0

I have data in R schools which has 94 variables. Out of which I selected 3 variables in a set for analysis:

schools_set <- data.frame(schools$Schoolname, schools$SchoolGenderID, and School$)

The SchoolGenderID is sorted columnwise (1s and 2s) 1 for male and 2 for female. My question is, how can I replace these 1s and 2s with "Male" and "Female" respectively in the variable schools$SchoolGenderID within the same data frame?

gung - Reinstate Monica
  • 11,583
  • 7
  • 60
  • 79
Imad Ahmad
  • 31
  • 1
  • 5
  • 1
    Your code is incomplete. Can you clarify what you meant? In general, this isn't fully clear. Please add a [reproducible example](https://stackoverflow.com/q/5963269/1217536) for people to work with. – gung - Reinstate Monica Jul 23 '17 at 01:17
  • schools<- data.frame( read.csv("E:AnnualSchoolData.csv", header = TRUE)) schools$SchoolGenderId[schools$SchoolGenderId == "1"]<-"Male" schools$SchoolGenderId[schools$SchoolGenderId == "2"]<-"Female" schools_set<-data.frame(schools$SchoolName,schools$SchoolGenderId,schools$SchoolLevelId) This is the full code. retrieving data from .csv file – Imad Ahmad Jul 23 '17 at 09:54

3 Answers3

0
schools$SchoolGenderID[schools$SchoolGenderID == 1] <- "Male"
schools$SchoolGenderID[schools$SchoolGenderID == 2] <- "Female"

Or

schools$SchoolGenderID <- ifelse(schools$SchoolGenderID == 1, "Male", "Female")

Recommending the latter in this particular situation.

Odysseus210
  • 468
  • 3
  • 9
0

try the data.table way :)

schools = data.table (schools)

schools [ SchoolGenderID == "Male", "SchoolGenderID" := "1"]
schools [ SchoolGenderID == "Female", "SchoolGenderID" := "2"]
schools = schools [order (Schoolname, SchoolGenderID)]

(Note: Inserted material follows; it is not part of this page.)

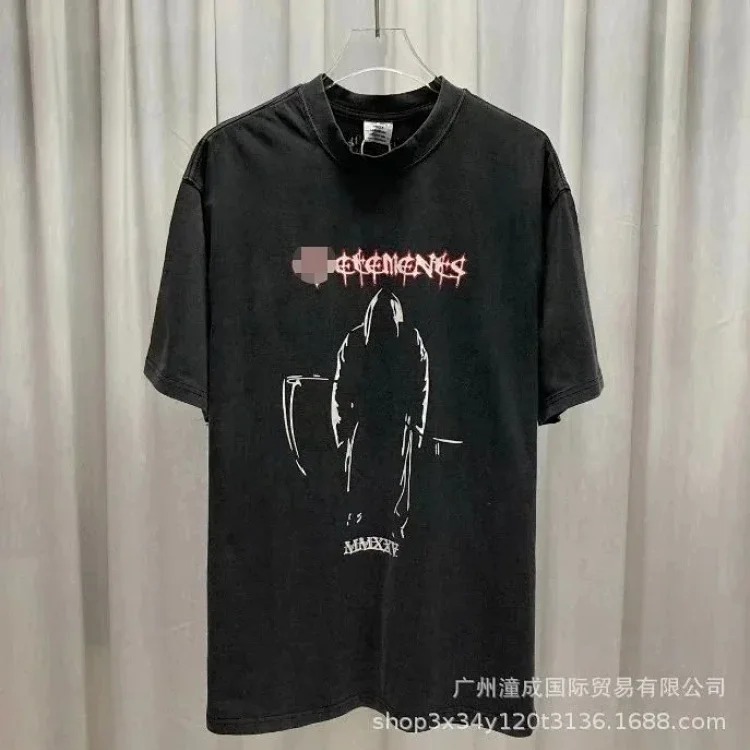 Wholesale collection VTM European and American trendy brand retro washed letter embroidery OS male and female couple loose short-sleeved T-shirt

The resultant gender column will not be numeric, but character type, as the initial column was character type. If you want a numeric column, then make new columns:

schools [ SchoolGenderID == "Male", "SchoolGenderNo" := 1]
schools [ SchoolGenderID == "Female", "SchoolGenderNo" := 2]
JVP
  • 309
  • 1
  • 11
  • No data.table() functions found. It is giving error – Imad Ahmad Jul 23 '17 at 09:35
  • @ImadAhmad update R if you haven't, and add "library (data.table)" somewhere in the beginning of your code – JVP Jul 23 '17 at 13:18
  • "Error in library(data.table) : there is no package called ‘data.table’". I downloaded. While loading with library(data.table) gives the above message. – Imad Ahmad Jul 23 '17 at 17:57
  • @ImadAhmad you need to install the package if you don't have it. Type `install.packages ("data.table")` and hit enter, then reload the package (i.e. type `library (data.table)` and hit enter. Perhaps read some introductory materials about packages in R – JVP Jul 23 '17 at 19:02
  • I tried install.packages("data.table") but it is still giving the error message. Though i tried with install.packages("data.table", depedencies = TRUE). – Imad Ahmad Jul 23 '17 at 19:04
  • @ImadAhmad it might help to restart R if you're having issues installing packages – JVP Jul 23 '17 at 19:08
0

Here's a way in dplyr

library(tidyverse)


schools_set <- schools %>%
                 select(Schoolname, SchoolGenderID) %>% # Make your subset 
                 mutate(
                   school_gender_id = ifelse(SchoolGenderID == 1, 
                                              "Male", "Female")
                 ) %>% 
                 mutate(
                   school_gender_id = as.factor(school_gender_id)
                 ) %>%
                 arrange(school_gender_id) # Order dataframe

mutate allows you to modify variables and make new ones. Arrange does the work of order. If the order is incorrect you can instead do: arrange(desc(school_gender_id)). A %>% is a known as a "pipe" and means "after doing this, move on to the next command."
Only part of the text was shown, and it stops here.